We would only recommend you block an IP range if it will not affect you. For example, if you have a business website and you get a large portion of traffic which would otherwise be blocked if you blacklisted an IP range, then perhaps in this case blocking an IP range may affect you. But blocking a single IP alone may not be enough – but it is worth the try and see whether it improves bandwidth usage.
How can I stop spiders and bots from crawling my website too often?
Well, obviously in the case of Google and Bing search engines, contacting them about it may well resolve the issue – Google definitely does reduce the amount of times it will crawl your website if you contact them with a legitimate concern.
However, for search engines like Baidu, which is the most popular search engine in China (and is a Chinese search engine provider), you may need to consider blocking their IP range or the entire country if other measures before it do not work. However, it’s fair to say Baidu as many other search engines will likely have search bots from many different countries, but blocking IP ranges may definitely help elevate the issue.
While we cannot verify whether Baidu’s search spiders comply with robots.txt exclusions or not, if you search about it, it becomes questionable as to whether Baidu does actually comply with the voluntary robots exclusion rules.
Are search engines required to comply with robots.txt exclusions?
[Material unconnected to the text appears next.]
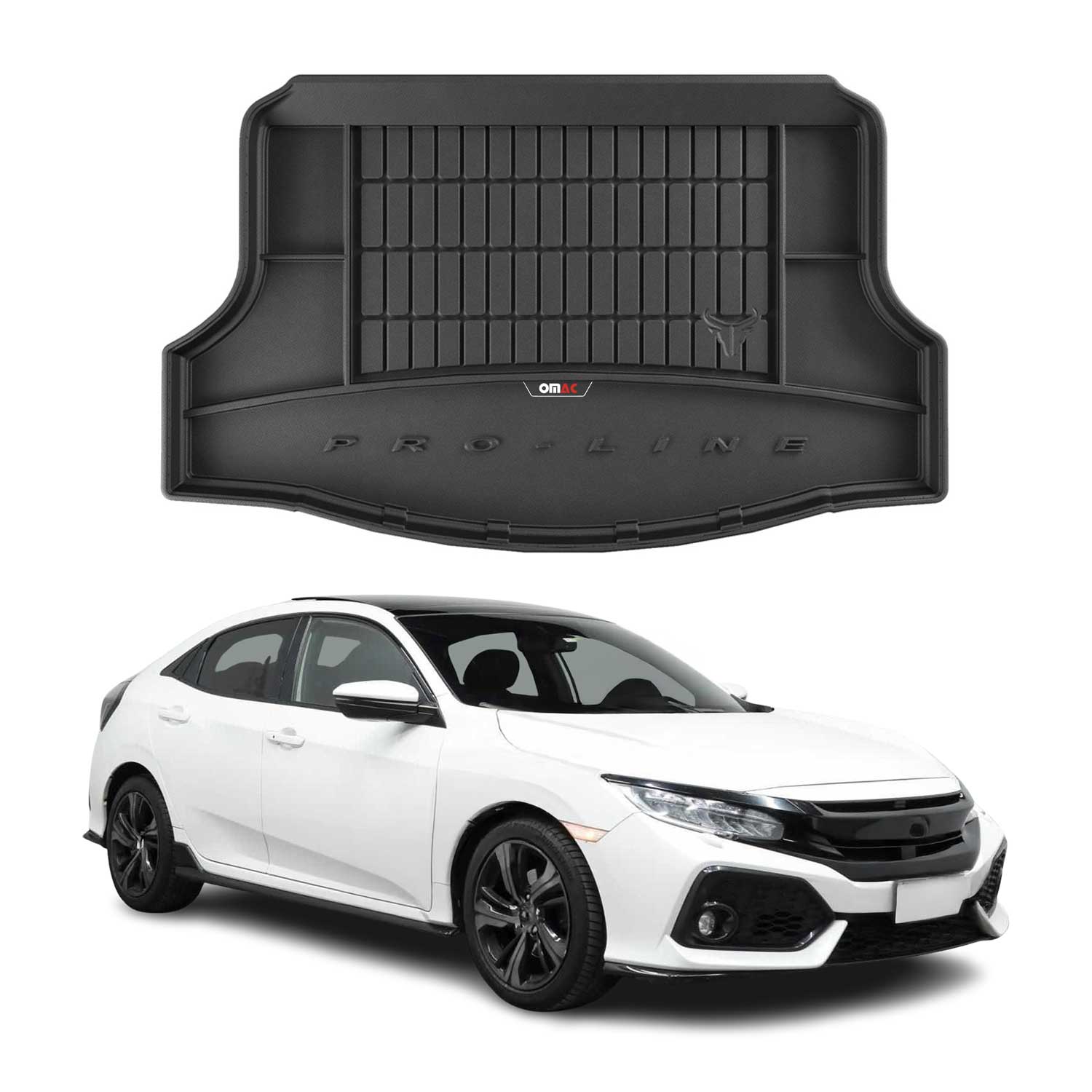 OMAC Gummi Kofferraumwanne für Honda Civic X Schrägheck 2017-2021 5-tür TPE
Not really. It’s really more of an ethical than a legal issue. While we’re not lawyers and we could be wrong; as far as we’re aware, search engines do not need to comply with robots.txt exclusion rules at all. Your only absolute last-resort remedy is to blacklist culprit IPs.
If you require any assistance with this particular issue, you are welcome to contact our technical support department.
As well as search spiders possibly being the root cause of bandwidth loss, it can also be down to images there are a few things you need to look out for.
not being compressed and optimised so they both load faster on your website and save you bandwidth (which saves you money!)
You can use free software utilities to do this. On Macs, you can use ImageOptim. On Linux distributions you can use Trimage (also available in the Ubuntu Software Centre). However, there are plenty of web-based utilities that do the same thing.
Well, this isn’t going to give you the most impressive savings, it is a “every little helps”. There are free online tools that you can use that compresses your CSS code by removing all unneeded whitespaces between your CSS selectors, properties and property values.
Both techniques can save you a sizable portion of bandwidth especially if you have a high-traffic website.
Using the jQuery library?
If you’re using the jQuery library, always use the minified version. It’s exactly the same as the full version but it’s much smaller in size because it is essentially compressed. However, if you don’t want to waste bandwidth having the jQuery library on your server – why not take advantage of being able to use the jQuery library hosted on Google’s, Microsoft’s or jQuery’s servers through their Content Delivery Network? The only different is the src attribute is to Google’s, Microsoft’s or jQuery’s servers where the library is hosted for you to use.